### [Source material]
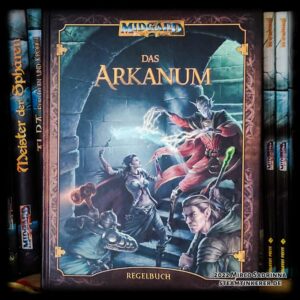 This picture shows the front cover of "Das Arkanum", the Magic Rulebook of the 5th edition of MIDGARD.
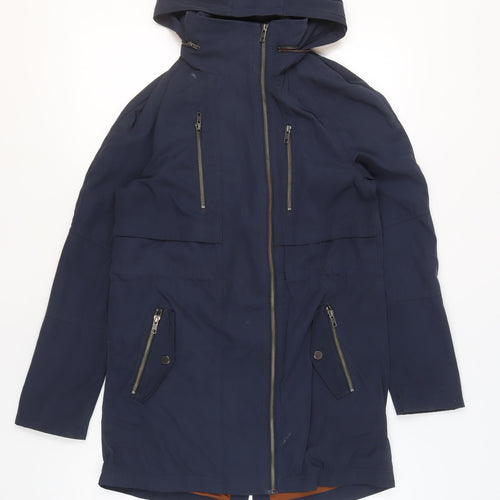 White Stuff Women's Blue Hooded Parka Coat Size 6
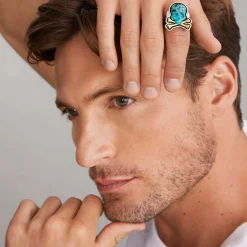 Turquoise Skull and Bones Statement Ring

### [Goal of the exercise]
Write the listing above out again exactly, but not the images it holds.

### [Response below]
 This picture shows the front cover of "Das Arkanum", the Magic Rulebook of the 5th edition of MIDGARD.
 White Stuff Women's Blue Hooded Parka Coat Size 6
 Turquoise Skull and Bones Statement Ring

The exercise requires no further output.